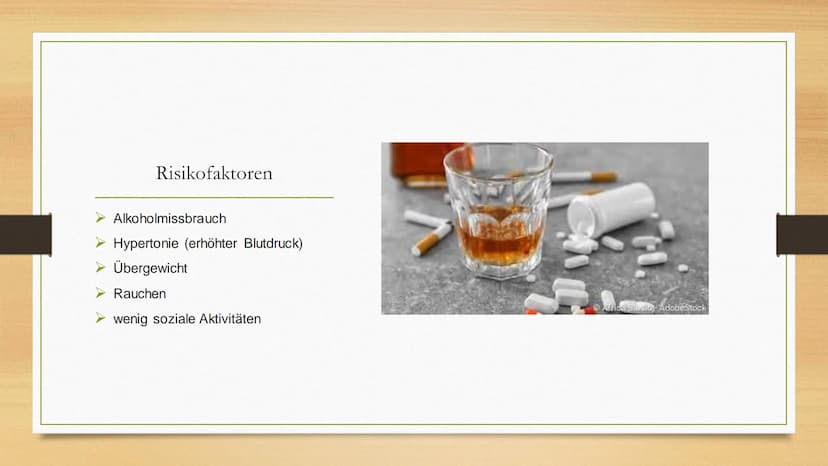 Demenz Demenz- Zahlen
Test
Zahlen-Test
Aufgabe: Merkt euch die Zahlen
▪ 57
▪83
48
▪
43
▪ 96 Definition
• wörtliche Übersetzung aus dem Latei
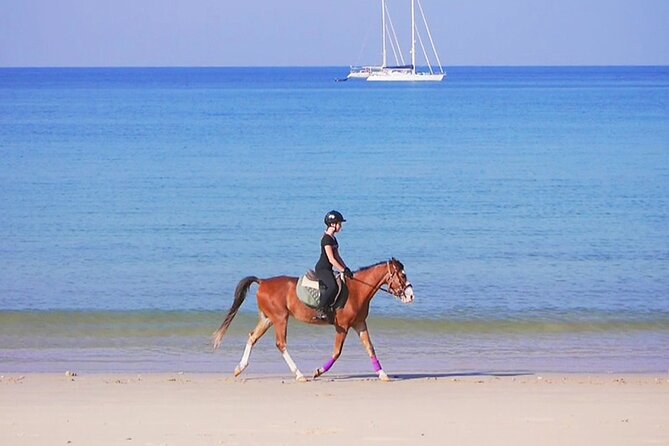Phuket Beach and Horse Rides 1 Hour Experience - Location and Accessibility
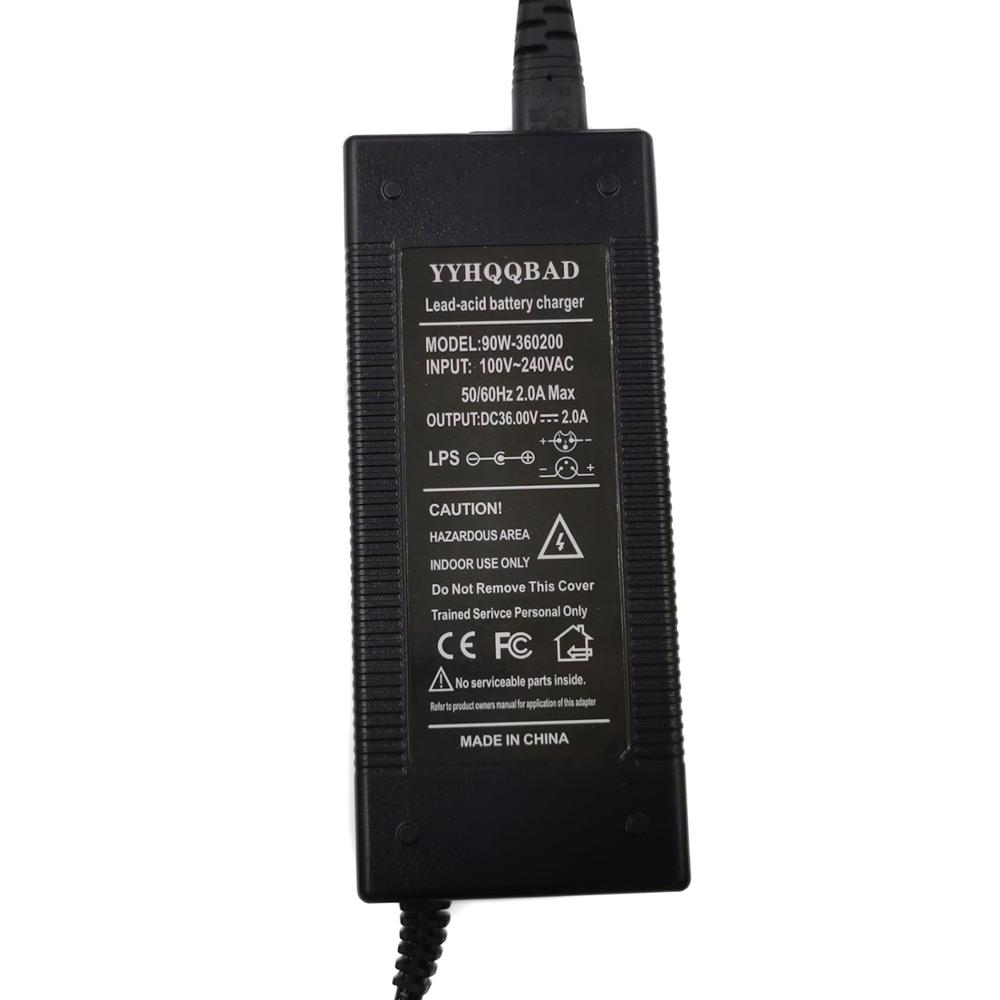 36V 2A lead acid battery charg - Electric Scooter Charger 评论和价格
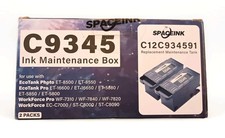 SpaceInk Ink Maintenance Box C9345: 2 Pack For Ecotank ET-8500, 8550: C12C934591 picture
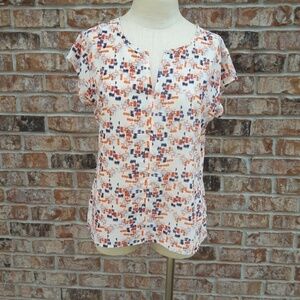 Anthropologie Sanctuary Short Sleeve Top S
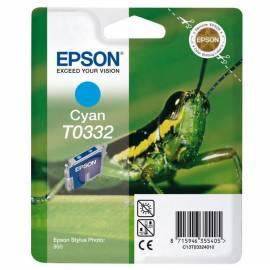 PDF-Handbuch downloadenTinte EPSON T0332, 17ml (C13T03324010) blau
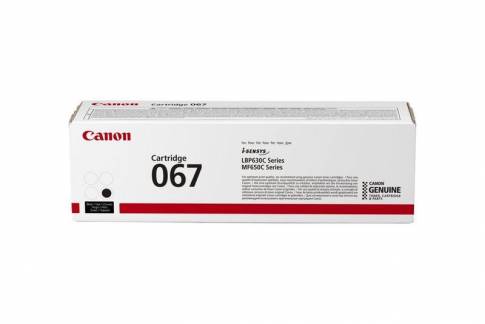 Canon 067 Sort 1350 sider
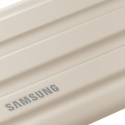 "2TB Samsung Portable T7 Shield USB 3.2 Gen2 Beige retail"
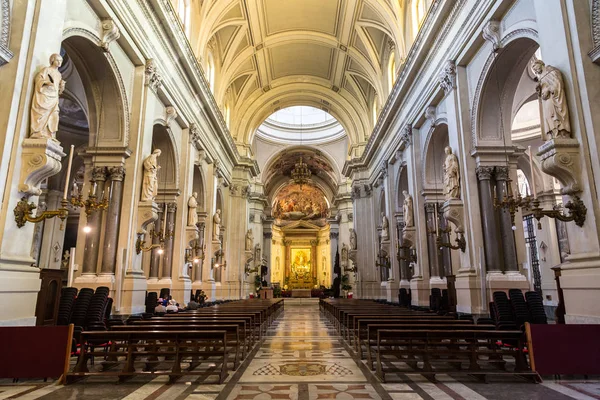 Catedral de Palermo en Italia — Foto de Stock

● ● ● ● ● ● ●

#### GOAL OF THE EXERCISE:
The expected answer consists solely of the lines from the one with "Phuket Beach and" through the last line of the listing above, restated exactly, minus any pictures.

#### EXERCISE SOLUTION:
Phuket Beach and Horse Rides 1 Hour Experience - Location and Accessibility
 36V 2A lead acid battery charg - Electric Scooter Charger 评论和价格
 SpaceInk Ink Maintenance Box C9345: 2 Pack For Ecotank ET-8500, 8550: C12C934591 picture
 Anthropologie Sanctuary Short Sleeve Top S
 PDF-Handbuch downloadenTinte EPSON T0332, 17ml (C13T03324010) blau
 Canon 067 Sort 1350 sider
 "2TB Samsung Portable T7 Shield USB 3.2 Gen2 Beige retail"
 Catedral de Palermo en Italia — Foto de Stock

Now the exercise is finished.